Data segment Start Marker
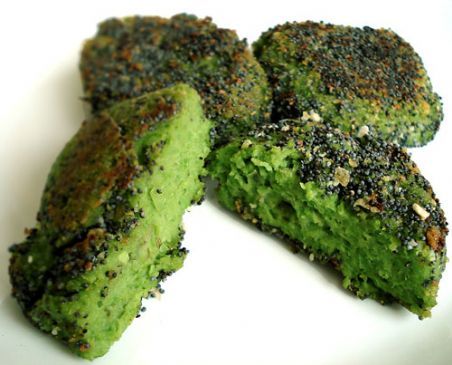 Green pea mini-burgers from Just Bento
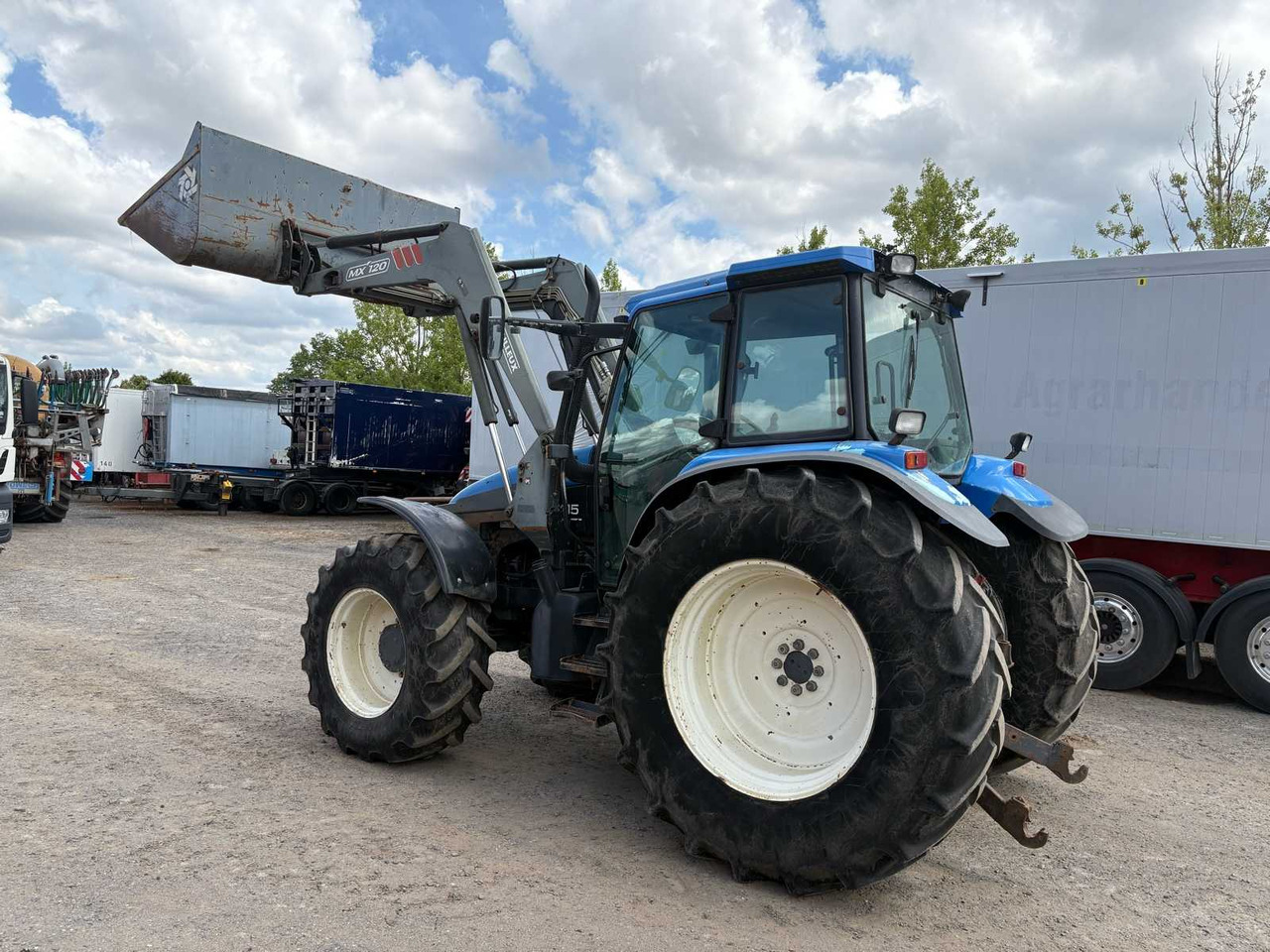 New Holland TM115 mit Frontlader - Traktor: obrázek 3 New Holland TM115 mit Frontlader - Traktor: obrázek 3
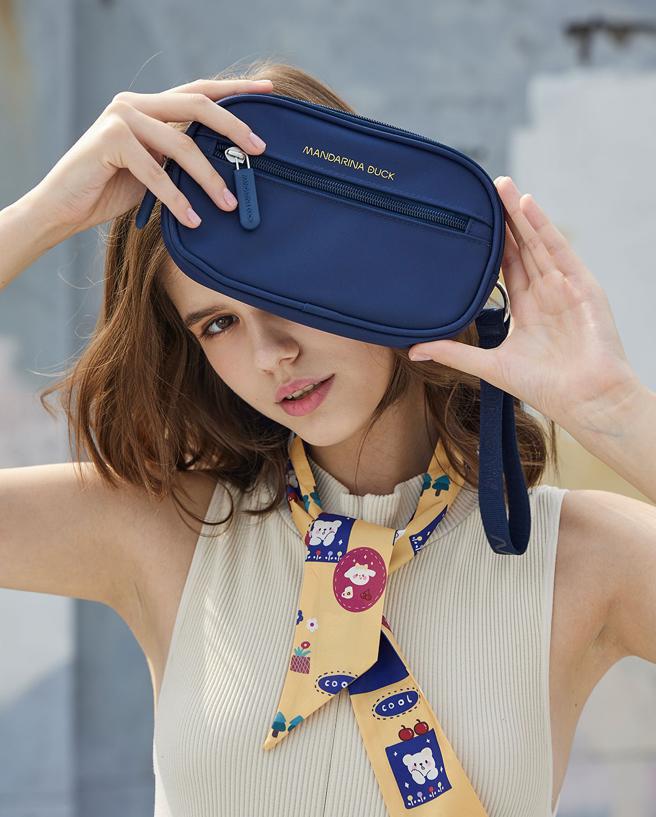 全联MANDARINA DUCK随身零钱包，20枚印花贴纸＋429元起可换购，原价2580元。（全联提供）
Data segment End Marker
■ **Problem to solve**
Set down exactly the lines between the one with "New Holland TM115 mit Frontlader - Traktor: obrázek 3 New" and the last line of the material above, both included, but none of the pictures.

■ **The completed task**
 New Holland TM115 mit Frontlader - Traktor: obrázek 3 New Holland TM115 mit Frontlader - Traktor: obrázek 3
 全联MANDARINA DUCK随身零钱包，20枚印花贴纸＋429元起可换购，原价2580元。（全联提供）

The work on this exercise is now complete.